Plantedtank.net is a good place to buy more of a single order of plants.. such as a couple of crypts, and the like of. The good thing about this site is that you are buying plants from other hobbyists, so the price and shipping is very cheap and can be worth it. Just be sure to check out the member's user feedback before buying from them. If you want to use this website, sign up for an account and you will be able to access the buying/trading/selling section of the forum, called the 'Swap N Shop'. I have bought many times from users on these forums, and I have always been satisfied with the plants/shipping. 

If you are willing to pay higher shipping prices from online retailers, http://www.aquariumplants.com/Default.asp?Redirected=Y
Aquarium Plants is a great place to buy plants off of. Although I have not personally bought from them, they are known for selling high quality plants. Again, the shipping won't be cheap. 

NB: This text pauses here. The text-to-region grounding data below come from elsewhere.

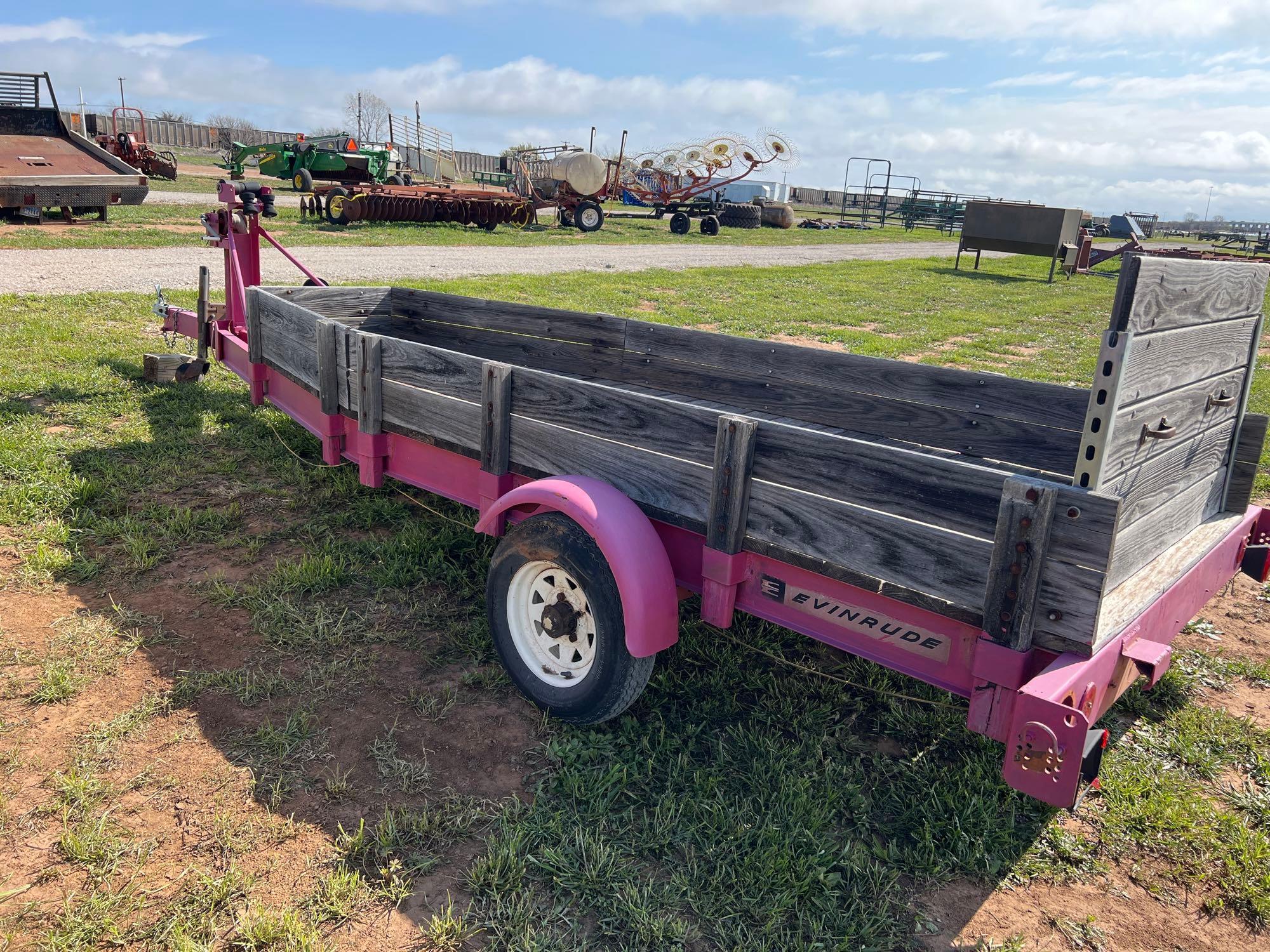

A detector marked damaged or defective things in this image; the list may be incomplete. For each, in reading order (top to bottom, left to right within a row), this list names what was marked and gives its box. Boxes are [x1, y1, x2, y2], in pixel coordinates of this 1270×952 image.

rusty metal equipment [0, 71, 147, 223]
rusty metal equipment [94, 109, 178, 183]
rusty metal equipment [306, 180, 531, 232]
rusty metal equipment [955, 203, 1082, 286]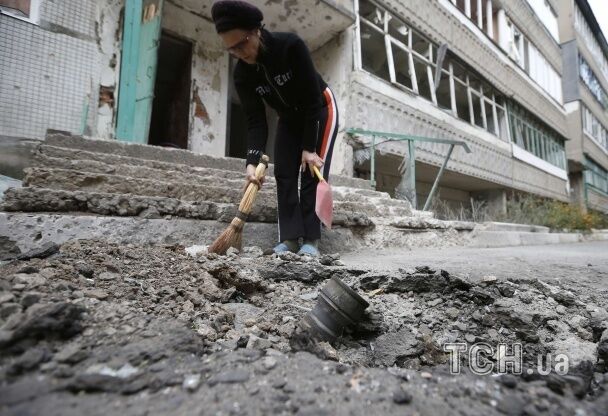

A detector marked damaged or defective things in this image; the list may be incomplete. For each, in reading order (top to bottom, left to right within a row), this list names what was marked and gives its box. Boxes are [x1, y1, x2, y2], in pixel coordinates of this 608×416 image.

broken window [0, 0, 39, 23]
damaged building [0, 0, 604, 213]
broken window [508, 101, 564, 170]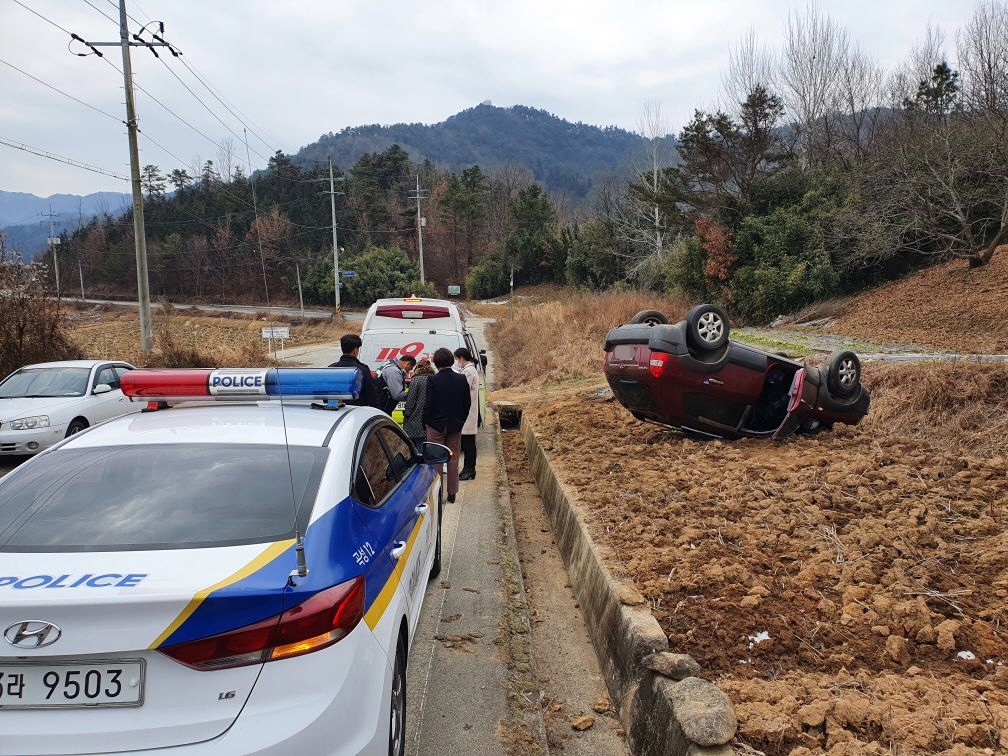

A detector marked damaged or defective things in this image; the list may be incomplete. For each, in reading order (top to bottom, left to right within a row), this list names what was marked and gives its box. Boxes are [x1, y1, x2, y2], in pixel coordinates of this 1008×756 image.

overturned car [600, 304, 870, 441]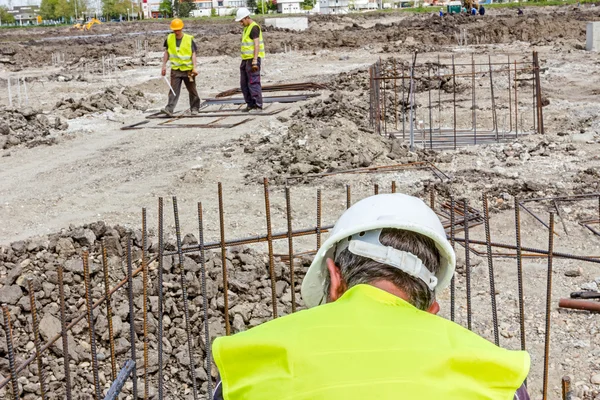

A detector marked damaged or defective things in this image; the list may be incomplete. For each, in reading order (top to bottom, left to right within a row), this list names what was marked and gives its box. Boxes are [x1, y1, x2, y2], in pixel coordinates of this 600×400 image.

rusty steel rebar [1, 304, 18, 398]
rusty steel rebar [27, 278, 48, 400]
rusty steel rebar [57, 266, 73, 400]
rusty steel rebar [82, 253, 101, 400]
rusty steel rebar [101, 241, 118, 382]
rusty steel rebar [172, 195, 200, 398]
rusty steel rebar [196, 203, 212, 394]
rusty steel rebar [264, 178, 280, 318]
rusty steel rebar [480, 192, 500, 346]
rusty steel rebar [540, 212, 556, 400]
rusty steel rebar [556, 296, 600, 312]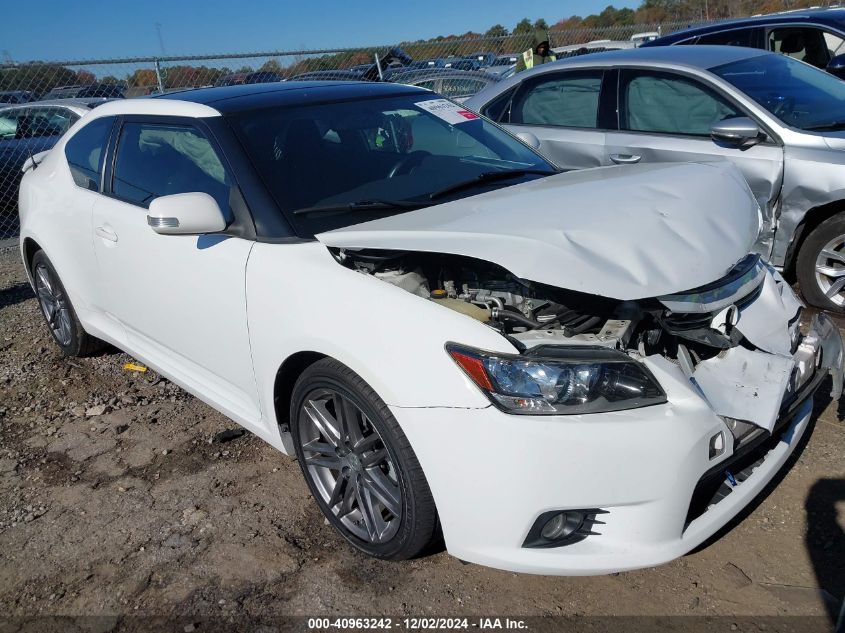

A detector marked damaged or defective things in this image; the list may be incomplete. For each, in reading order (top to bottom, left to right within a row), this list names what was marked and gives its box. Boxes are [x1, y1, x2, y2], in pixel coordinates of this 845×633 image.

crumpled hood [318, 163, 764, 302]
damaged front end [332, 246, 840, 434]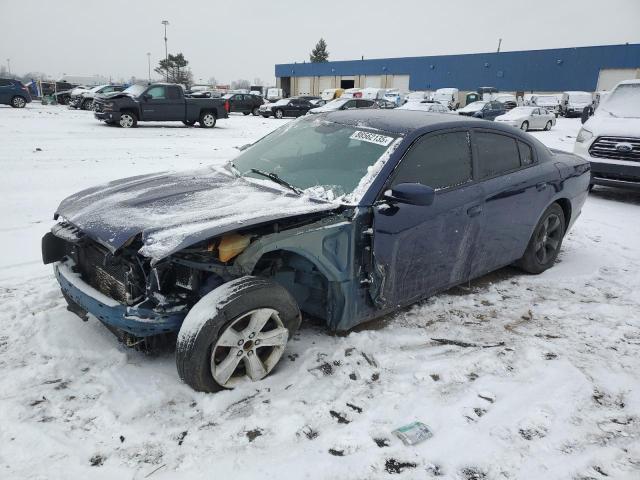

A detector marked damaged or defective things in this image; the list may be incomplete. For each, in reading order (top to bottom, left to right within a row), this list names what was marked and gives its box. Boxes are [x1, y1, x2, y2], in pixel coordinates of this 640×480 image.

crushed front bumper [54, 260, 186, 336]
damaged blue sedan [40, 110, 592, 392]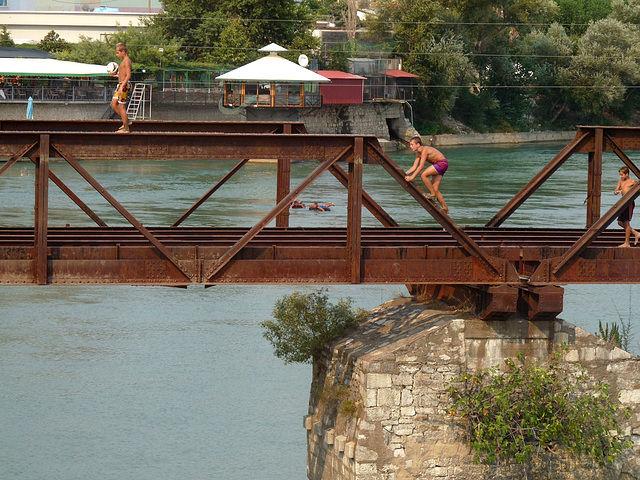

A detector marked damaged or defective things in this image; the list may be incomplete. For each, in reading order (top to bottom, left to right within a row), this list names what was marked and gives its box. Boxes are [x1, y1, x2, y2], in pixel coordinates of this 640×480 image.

rusty railway bridge [1, 122, 640, 320]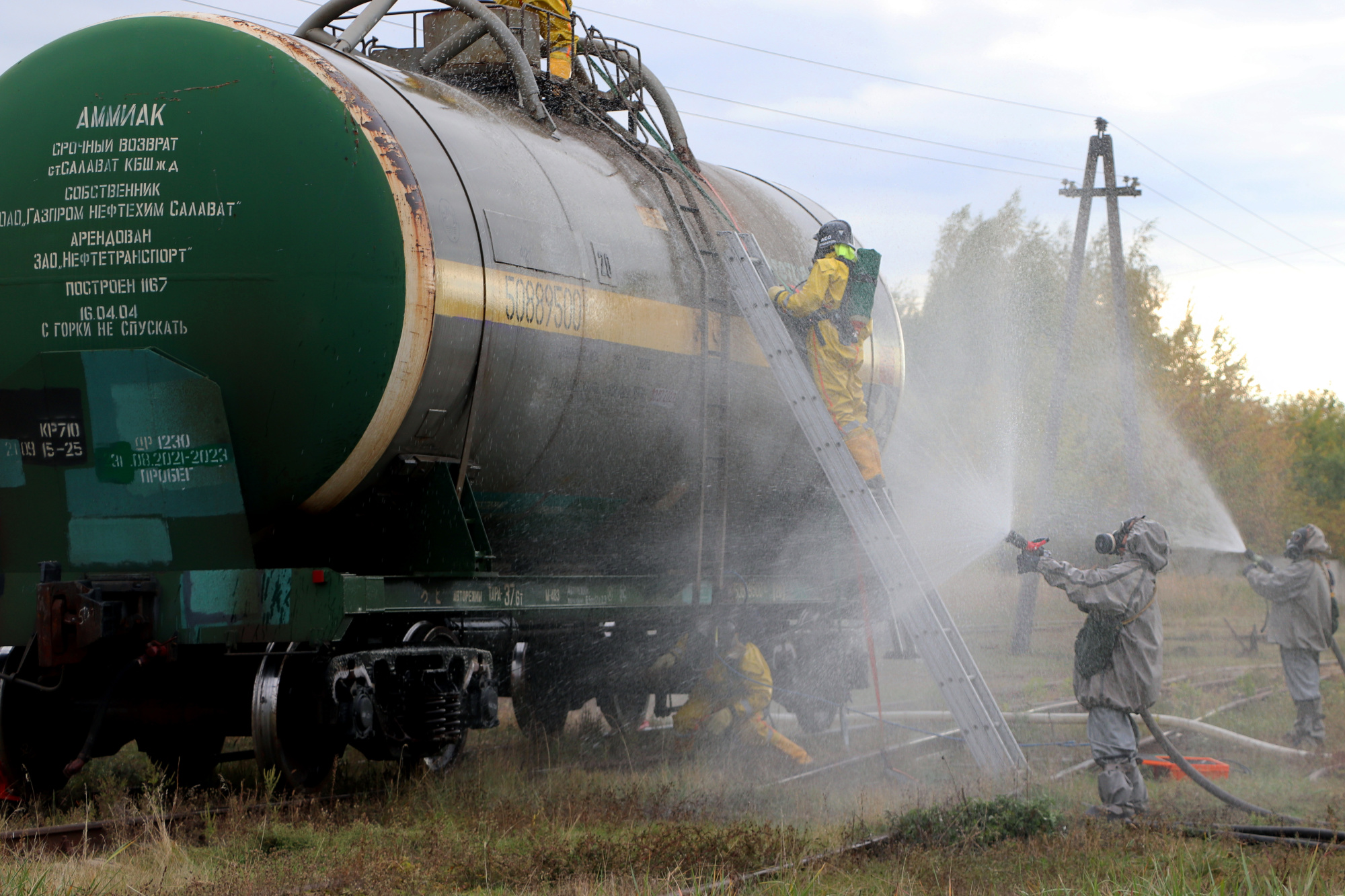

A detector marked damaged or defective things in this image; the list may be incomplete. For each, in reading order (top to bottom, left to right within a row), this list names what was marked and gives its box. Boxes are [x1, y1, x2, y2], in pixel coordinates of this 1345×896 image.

rusty patch on tank [149, 13, 438, 514]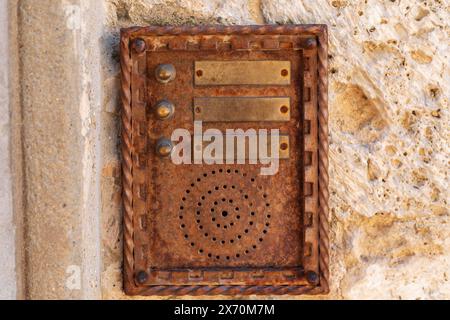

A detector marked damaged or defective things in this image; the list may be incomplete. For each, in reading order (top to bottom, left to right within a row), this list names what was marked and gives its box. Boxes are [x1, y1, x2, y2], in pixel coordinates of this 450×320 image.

corroded metal surface [121, 23, 328, 296]
rusty intercom panel [121, 24, 328, 296]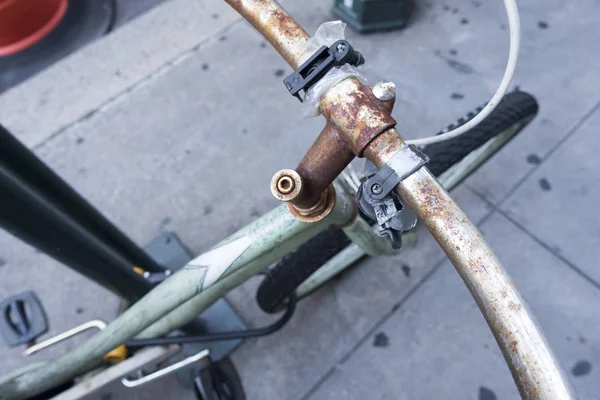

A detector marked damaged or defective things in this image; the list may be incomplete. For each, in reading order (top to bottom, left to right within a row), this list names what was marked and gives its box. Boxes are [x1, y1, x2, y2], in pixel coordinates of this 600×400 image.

rusty bolt [372, 79, 396, 101]
rusty bolt [270, 169, 302, 202]
rusty handlebar [225, 1, 576, 398]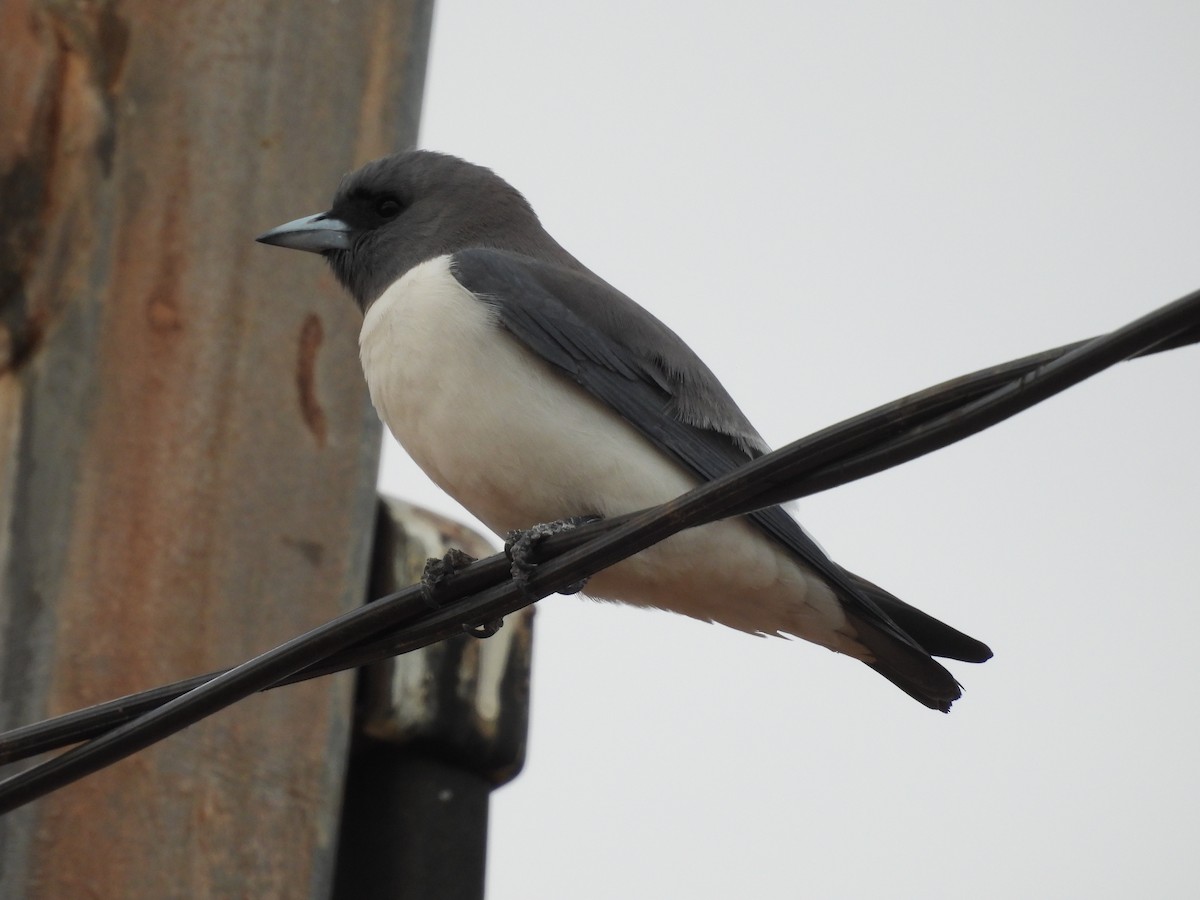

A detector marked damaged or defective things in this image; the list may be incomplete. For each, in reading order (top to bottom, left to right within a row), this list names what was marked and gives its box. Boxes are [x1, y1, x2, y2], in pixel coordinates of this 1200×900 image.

rust stain on pole [0, 0, 432, 897]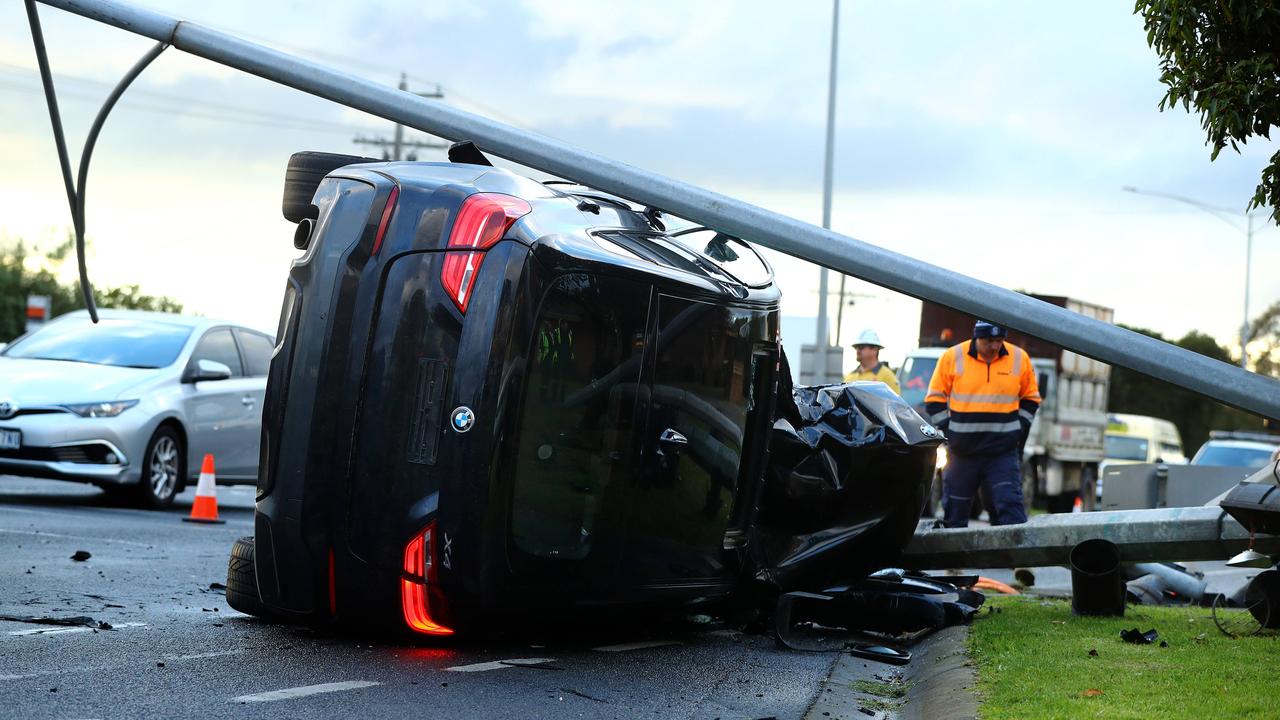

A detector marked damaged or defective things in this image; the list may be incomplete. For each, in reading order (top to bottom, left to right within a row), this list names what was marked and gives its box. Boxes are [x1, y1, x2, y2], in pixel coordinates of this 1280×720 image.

overturned car [227, 147, 942, 632]
damaged front end [747, 371, 947, 591]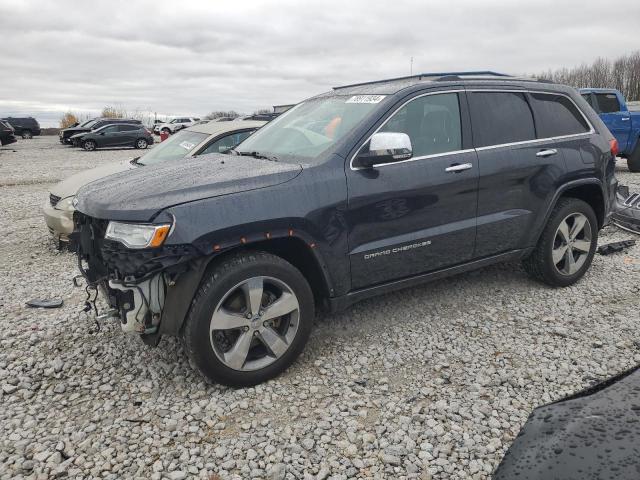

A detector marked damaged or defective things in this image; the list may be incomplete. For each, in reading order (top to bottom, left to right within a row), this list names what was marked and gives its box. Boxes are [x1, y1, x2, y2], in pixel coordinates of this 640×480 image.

damaged jeep grand cherokee [72, 71, 616, 386]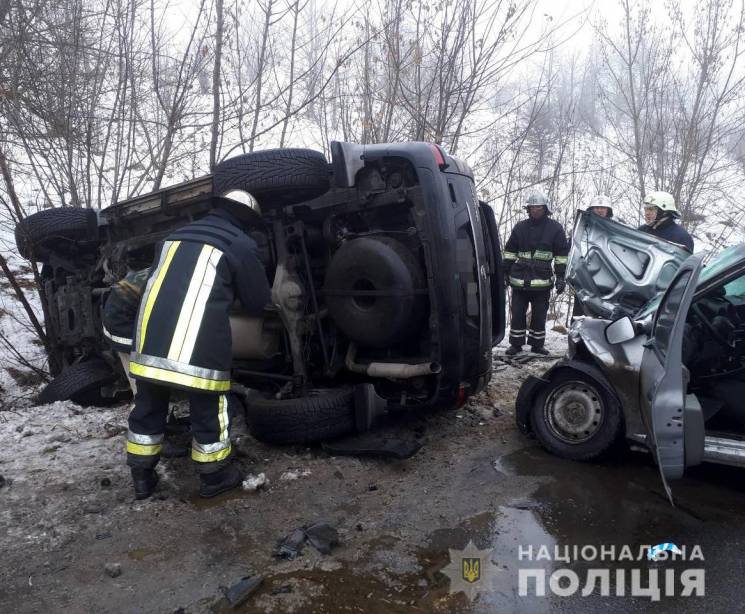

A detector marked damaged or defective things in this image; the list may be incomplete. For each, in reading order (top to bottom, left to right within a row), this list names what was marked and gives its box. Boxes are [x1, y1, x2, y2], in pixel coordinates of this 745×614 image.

Another option is Aquarium Garden, http://www.aquariumgarden.com
an online seller who has a cheaper shipping price. They have a large selection of plants, so you should definitely check them out as well. Good luck. 


edit: fixed your link


----------



## Chaos553 (Apr 2, 2007)

Alright, I'll ,make sure to check them out sometime soon. Thanks for all of your help.


----------



## Guest (Nov 28, 2007)

I second all Vinny's suggestions.

Also, if you are looking for specific plants, Aquabid is a good place. There are some individuals from Asia selling though, so watch out for them (shipping is usually alot more and takes awhile).

Another online store is Aquabotanic.com. I just recently made an order there and the plants were very healthy. They were also bigger than other stores I've ordered from, so thats a plus.  I highly recommend them.


----------



## Damon (Jan 18, 2005)

Robert has very nice plants at aquabotanic but shipping is likely higher than most other places. Still you get more than what you pay for.


----------